┌──
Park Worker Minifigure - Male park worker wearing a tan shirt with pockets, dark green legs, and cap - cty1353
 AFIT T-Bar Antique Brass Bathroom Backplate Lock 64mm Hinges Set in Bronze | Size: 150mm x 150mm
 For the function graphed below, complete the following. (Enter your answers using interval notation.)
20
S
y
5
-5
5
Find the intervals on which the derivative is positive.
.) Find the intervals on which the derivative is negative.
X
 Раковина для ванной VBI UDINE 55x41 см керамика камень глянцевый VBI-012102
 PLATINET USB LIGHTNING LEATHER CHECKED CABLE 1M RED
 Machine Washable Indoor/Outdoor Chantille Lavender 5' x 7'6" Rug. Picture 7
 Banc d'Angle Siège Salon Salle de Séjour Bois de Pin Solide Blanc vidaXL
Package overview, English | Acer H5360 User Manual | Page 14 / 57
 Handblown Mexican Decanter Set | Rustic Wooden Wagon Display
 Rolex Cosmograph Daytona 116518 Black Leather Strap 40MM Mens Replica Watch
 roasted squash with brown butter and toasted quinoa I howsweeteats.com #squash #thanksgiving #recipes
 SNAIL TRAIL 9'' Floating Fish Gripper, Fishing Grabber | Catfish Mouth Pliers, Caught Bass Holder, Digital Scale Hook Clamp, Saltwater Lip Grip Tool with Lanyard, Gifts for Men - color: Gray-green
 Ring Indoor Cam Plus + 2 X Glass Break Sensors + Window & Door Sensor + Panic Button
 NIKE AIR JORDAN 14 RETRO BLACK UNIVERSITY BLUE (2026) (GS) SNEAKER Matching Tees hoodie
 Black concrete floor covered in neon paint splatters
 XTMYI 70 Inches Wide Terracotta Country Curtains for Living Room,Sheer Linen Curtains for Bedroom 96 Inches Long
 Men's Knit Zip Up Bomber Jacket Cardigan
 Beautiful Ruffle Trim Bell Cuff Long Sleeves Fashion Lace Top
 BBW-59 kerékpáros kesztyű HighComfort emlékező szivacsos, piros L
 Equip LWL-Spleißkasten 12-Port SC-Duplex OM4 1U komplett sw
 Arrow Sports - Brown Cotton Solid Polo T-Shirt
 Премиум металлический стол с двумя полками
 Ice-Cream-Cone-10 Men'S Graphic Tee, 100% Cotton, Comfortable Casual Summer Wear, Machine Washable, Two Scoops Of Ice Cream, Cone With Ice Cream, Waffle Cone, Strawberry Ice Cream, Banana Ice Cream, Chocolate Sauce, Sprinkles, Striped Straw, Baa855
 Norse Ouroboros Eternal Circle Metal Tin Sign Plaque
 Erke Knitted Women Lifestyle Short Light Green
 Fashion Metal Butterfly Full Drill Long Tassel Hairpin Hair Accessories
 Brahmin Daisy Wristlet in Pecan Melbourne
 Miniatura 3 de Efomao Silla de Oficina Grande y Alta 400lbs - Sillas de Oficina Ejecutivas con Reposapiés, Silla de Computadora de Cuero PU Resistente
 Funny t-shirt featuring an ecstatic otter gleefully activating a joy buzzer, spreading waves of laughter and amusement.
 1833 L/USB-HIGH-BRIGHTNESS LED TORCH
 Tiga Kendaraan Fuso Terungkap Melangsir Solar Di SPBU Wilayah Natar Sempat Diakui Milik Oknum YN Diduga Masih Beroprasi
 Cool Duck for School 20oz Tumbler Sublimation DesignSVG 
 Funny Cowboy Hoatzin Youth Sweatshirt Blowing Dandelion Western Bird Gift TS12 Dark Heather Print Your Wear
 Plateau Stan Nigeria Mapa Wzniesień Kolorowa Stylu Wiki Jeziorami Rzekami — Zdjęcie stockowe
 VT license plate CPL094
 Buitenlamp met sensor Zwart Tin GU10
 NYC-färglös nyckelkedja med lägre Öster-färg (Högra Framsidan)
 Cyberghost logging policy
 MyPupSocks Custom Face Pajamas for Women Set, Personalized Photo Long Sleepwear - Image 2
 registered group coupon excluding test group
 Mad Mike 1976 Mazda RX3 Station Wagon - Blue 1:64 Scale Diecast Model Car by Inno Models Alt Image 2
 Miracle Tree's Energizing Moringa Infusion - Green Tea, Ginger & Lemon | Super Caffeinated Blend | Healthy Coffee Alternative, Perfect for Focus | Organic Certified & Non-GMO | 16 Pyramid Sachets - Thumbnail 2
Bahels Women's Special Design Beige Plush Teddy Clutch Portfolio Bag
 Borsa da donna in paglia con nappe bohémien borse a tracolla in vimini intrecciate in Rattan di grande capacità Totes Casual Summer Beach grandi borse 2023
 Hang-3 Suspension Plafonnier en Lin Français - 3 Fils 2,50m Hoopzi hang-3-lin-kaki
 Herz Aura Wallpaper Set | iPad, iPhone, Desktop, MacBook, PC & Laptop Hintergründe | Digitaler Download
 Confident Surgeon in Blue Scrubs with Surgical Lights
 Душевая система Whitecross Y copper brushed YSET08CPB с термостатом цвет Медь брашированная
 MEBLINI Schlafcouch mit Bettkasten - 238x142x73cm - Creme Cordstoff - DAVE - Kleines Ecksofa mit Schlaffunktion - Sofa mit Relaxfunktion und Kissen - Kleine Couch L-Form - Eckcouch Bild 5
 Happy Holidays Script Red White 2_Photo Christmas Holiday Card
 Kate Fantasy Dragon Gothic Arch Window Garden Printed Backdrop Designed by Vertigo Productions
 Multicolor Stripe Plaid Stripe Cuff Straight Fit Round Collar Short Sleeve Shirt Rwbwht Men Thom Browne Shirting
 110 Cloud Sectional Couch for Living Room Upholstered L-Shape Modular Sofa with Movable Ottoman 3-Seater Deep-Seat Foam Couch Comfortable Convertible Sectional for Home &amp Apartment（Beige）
└──
**YOUR TASK:** Locate and copy each line in the data above that includes the word "Sofa".

**OUTPUT OF THE TASK:**
 MEBLINI Schlafcouch mit Bettkasten - 238x142x73cm - Creme Cordstoff - DAVE - Kleines Ecksofa mit Schlaffunktion - Sofa mit Relaxfunktion und Kissen - Kleine Couch L-Form - Eckcouch Bild 5
 110 Cloud Sectional Couch for Living Room Upholstered L-Shape Modular Sofa with Movable Ottoman 3-Seater Deep-Seat Foam Couch Comfortable Convertible Sectional for Home &amp Apartment（Beige）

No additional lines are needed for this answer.